__WHAT THE TASK ASKS__.
Leaving out the pictures, transcribe all of the records faithfully.

__LISTED ENTRIES__.
--- START ---
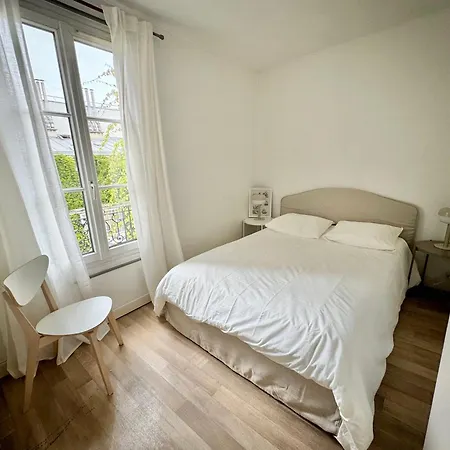 Centre Parigi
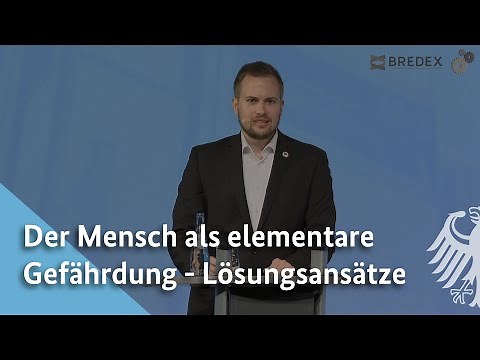 Mitschnitt vom 1. IT-Grundschutz-Tag 2020 | BSI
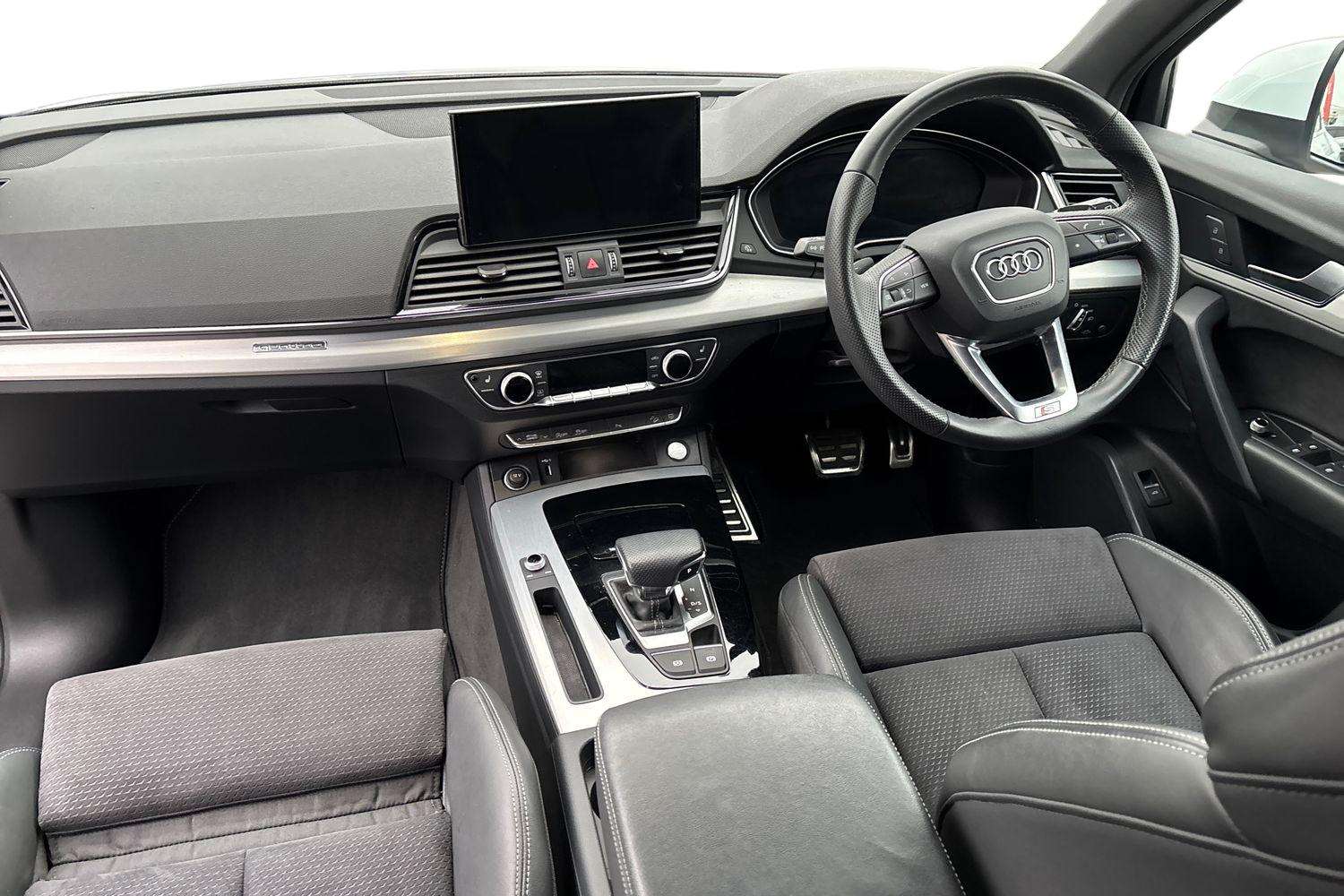 Used Audi Q5 2022 for sale - 77112369: Photo 20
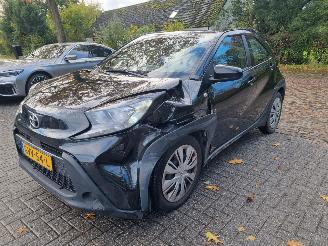 Toyota Aygo 1.0 VVTI Airco Camera picture 7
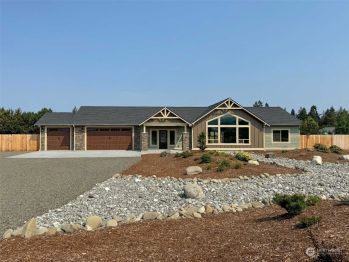173 Covington Court , Sequim, WA 98382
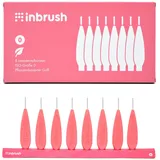 inbrush Interdentalbürsten 48 St Zahnbürste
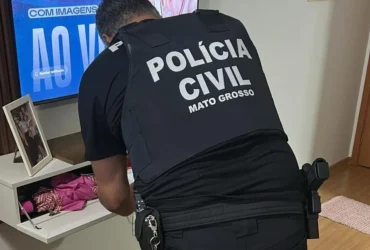 Operação Déjà Vu apura fraude em sistema da Prefeitura
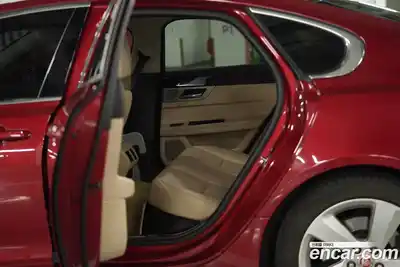 Jaguar XF 2016 2.0 Автомат в Москве № 305196, миниатюра 5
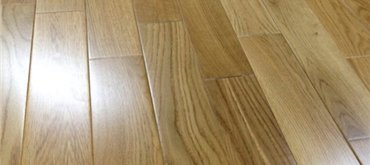 Sàn gỗ Sồi cao cấp RGB - 011
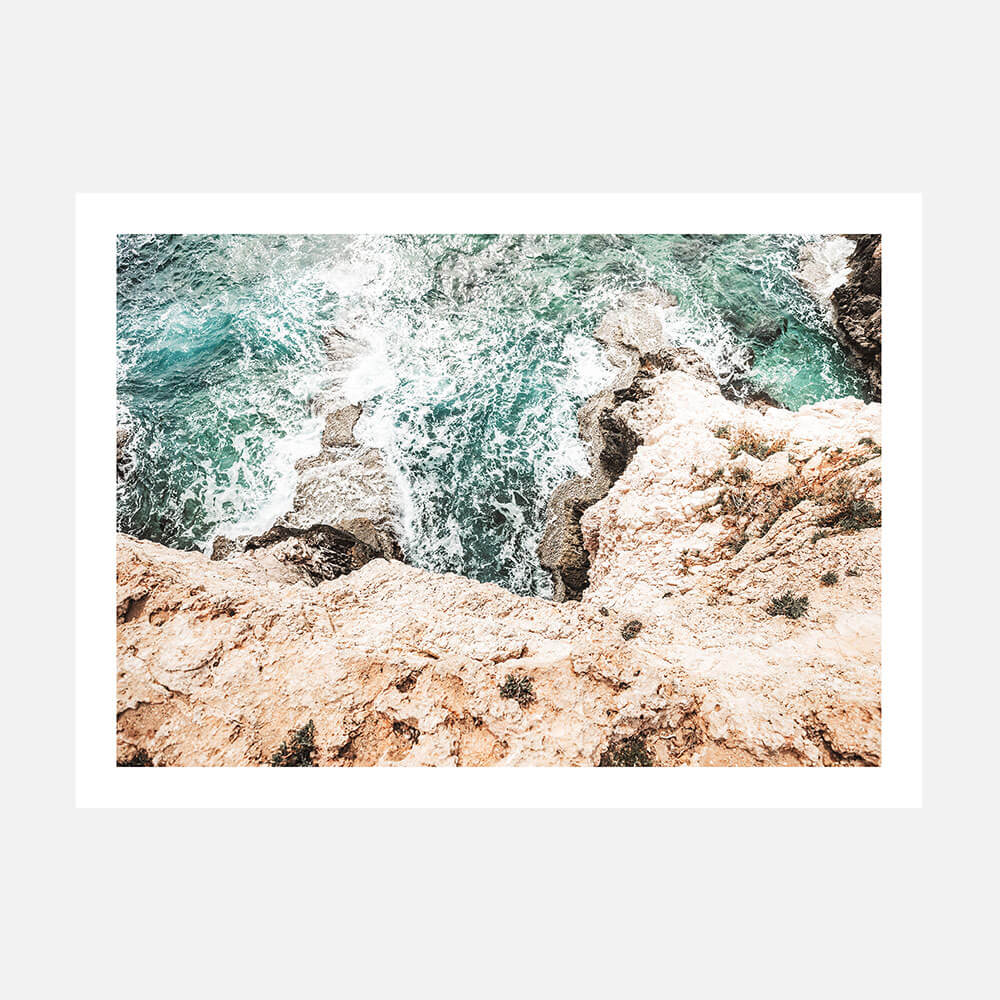 Ocean Cliffs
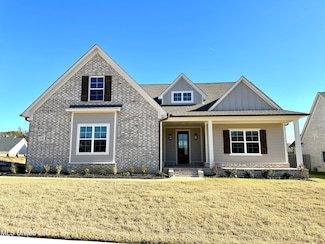 3180 Autumn Wind Dr, Hernando, MS 38632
--- END ---
__THE ANSWER__.
 Centre Parigi
 Mitschnitt vom 1. IT-Grundschutz-Tag 2020 | BSI
 Used Audi Q5 2022 for sale - 77112369: Photo 20
 Toyota Aygo 1.0 VVTI Airco Camera picture 7
173 Covington Court , Sequim, WA 98382
 inbrush Interdentalbürsten 48 St Zahnbürste
 Operação Déjà Vu apura fraude em sistema da Prefeitura
 Jaguar XF 2016 2.0 Автомат в Москве № 305196, миниатюра 5
 Sàn gỗ Sồi cao cấp RGB - 011
 Ocean Cliffs
 3180 Autumn Wind Dr, Hernando, MS 38632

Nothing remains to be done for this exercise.